**Aim of the task**:
Word for word, set down the lines from the one that contains "Sweat ras du cou style universitaire NEXT" through the final line of the data; no pictures belong in the copy.

(Short descriptive text snippets)
=-=-=-=-=
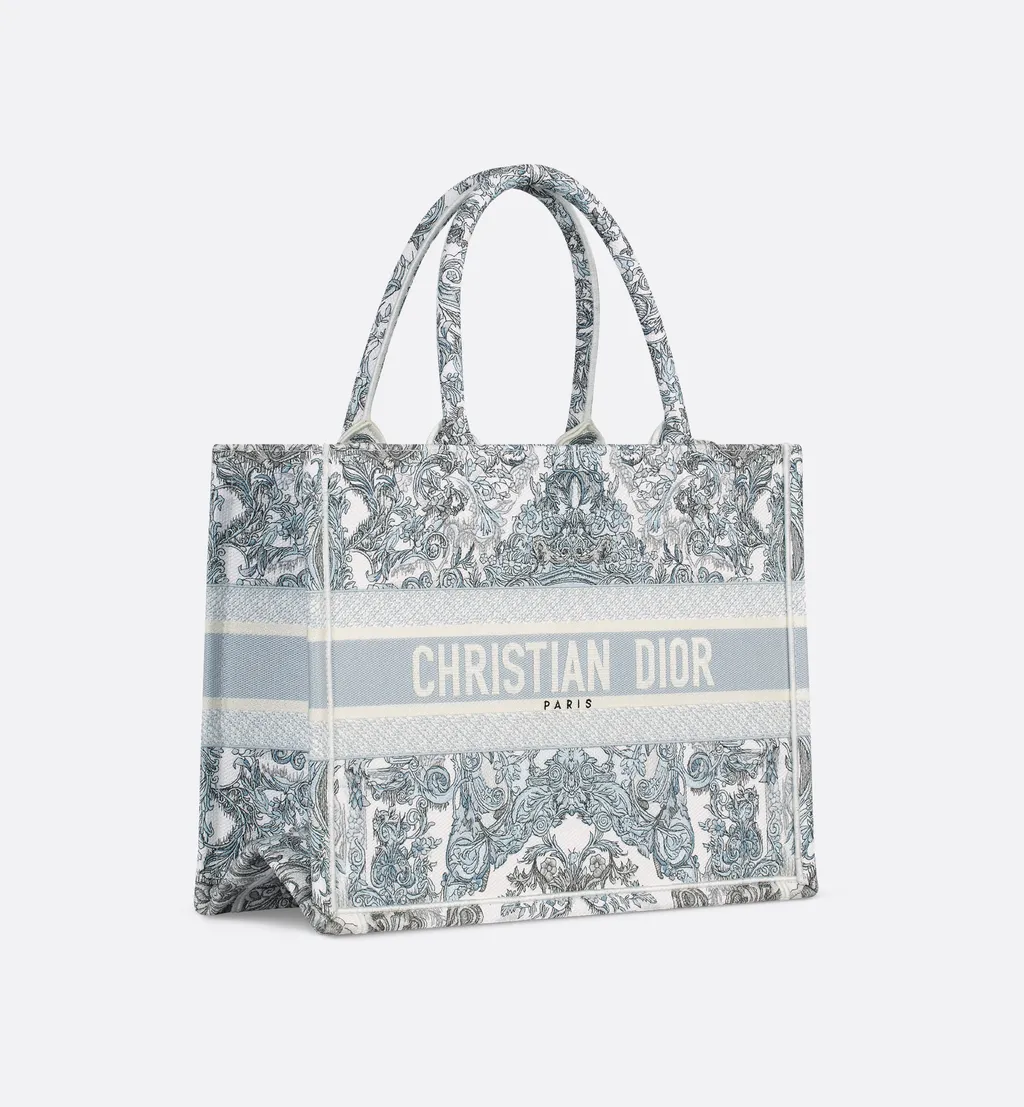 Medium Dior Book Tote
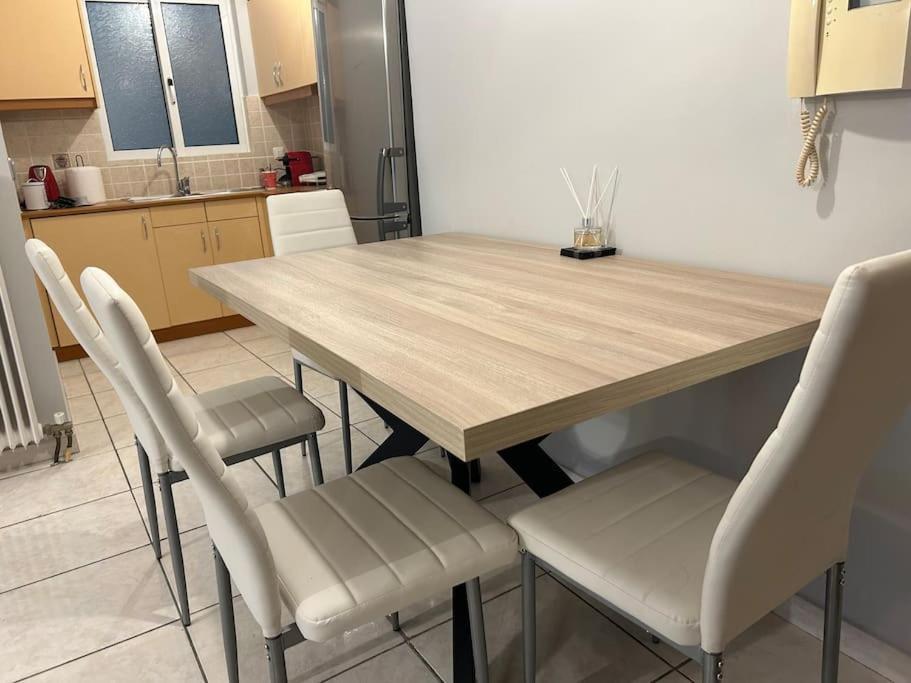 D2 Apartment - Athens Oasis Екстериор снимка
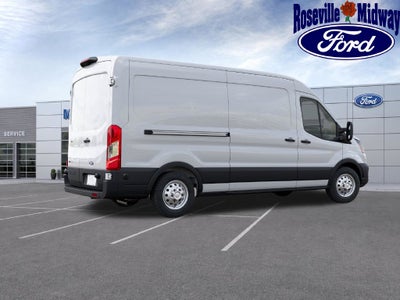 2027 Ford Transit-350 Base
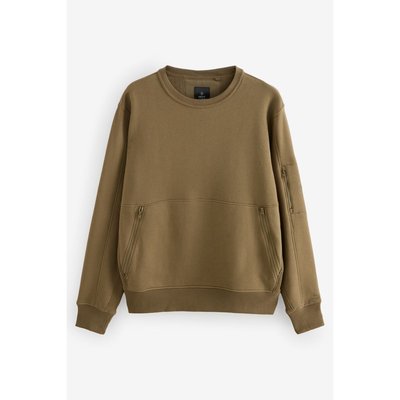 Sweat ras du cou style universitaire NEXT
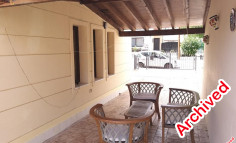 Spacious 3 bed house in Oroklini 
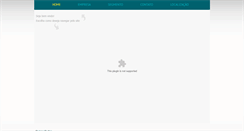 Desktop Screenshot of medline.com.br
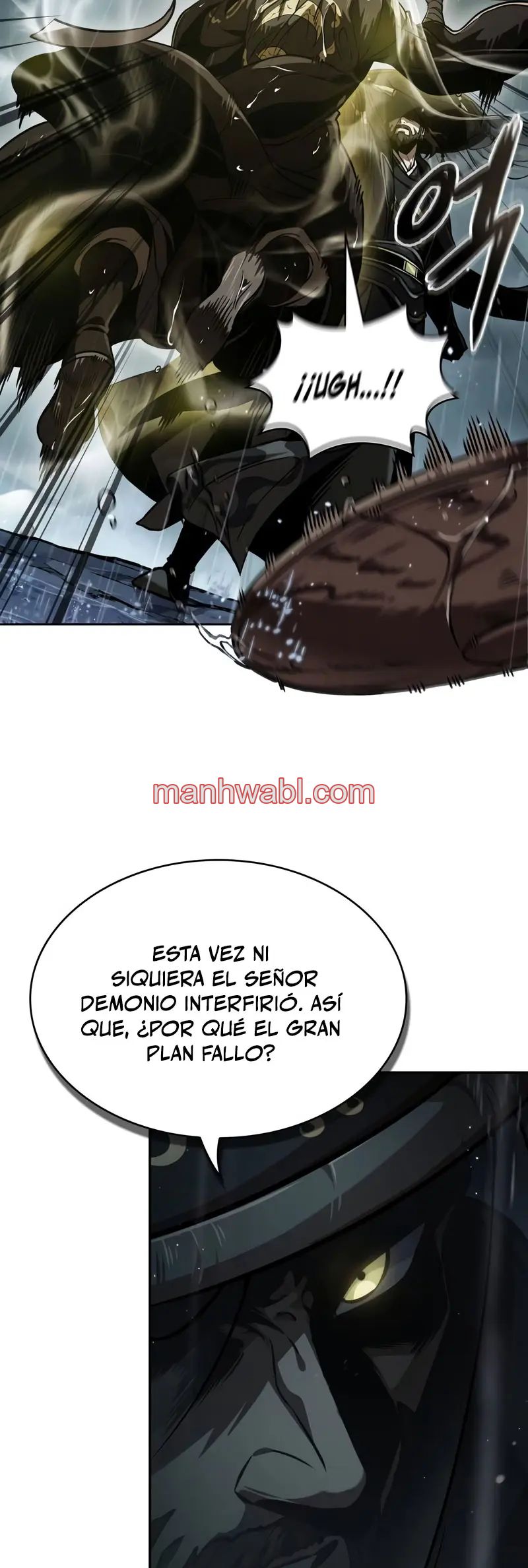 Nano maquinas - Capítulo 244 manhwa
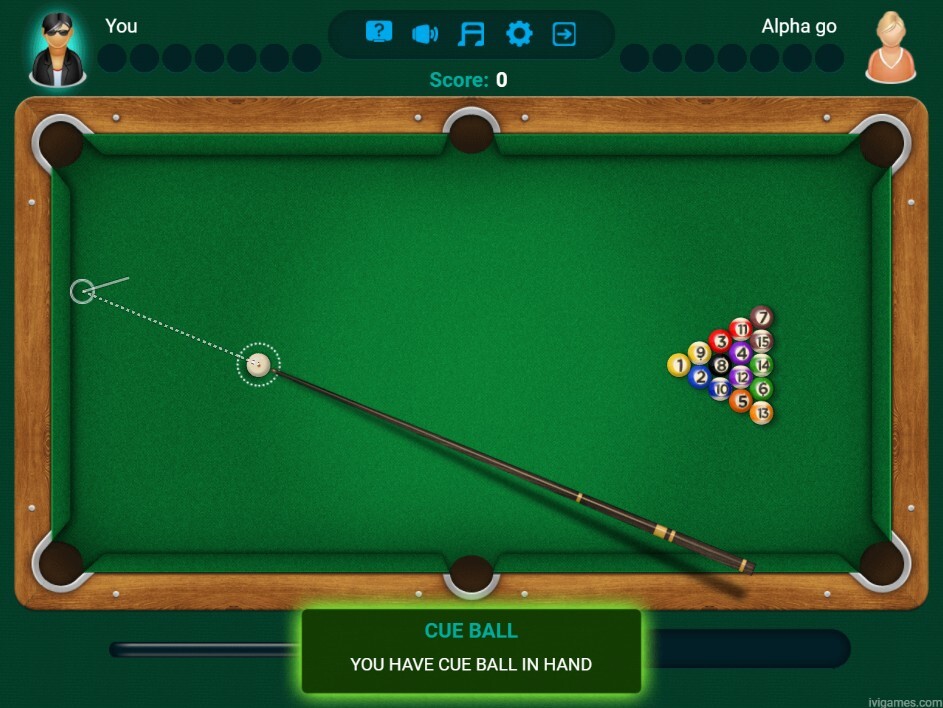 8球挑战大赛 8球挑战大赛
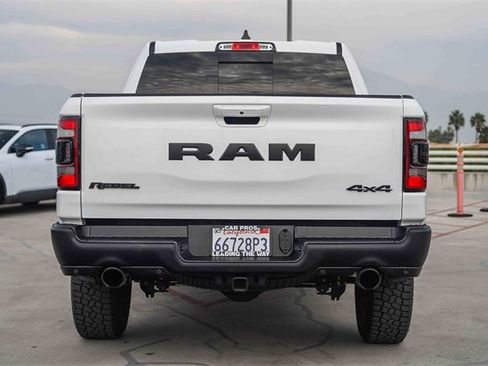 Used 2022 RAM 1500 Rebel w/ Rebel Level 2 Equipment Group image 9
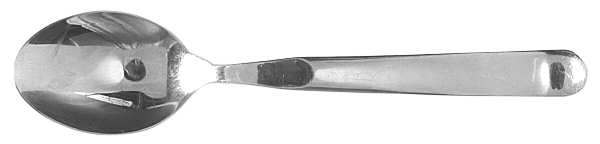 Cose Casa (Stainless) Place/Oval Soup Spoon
=-=-=-=-=
**Written solution**:
 Sweat ras du cou style universitaire NEXT
 Spacious 3 bed house in Oroklini 
 Desktop Screenshot of medline.com.br
 Nano maquinas - Capítulo 244 manhwa
 8球挑战大赛 8球挑战大赛
 Used 2022 RAM 1500 Rebel w/ Rebel Level 2 Equipment Group image 9
 Cose Casa (Stainless) Place/Oval Soup Spoon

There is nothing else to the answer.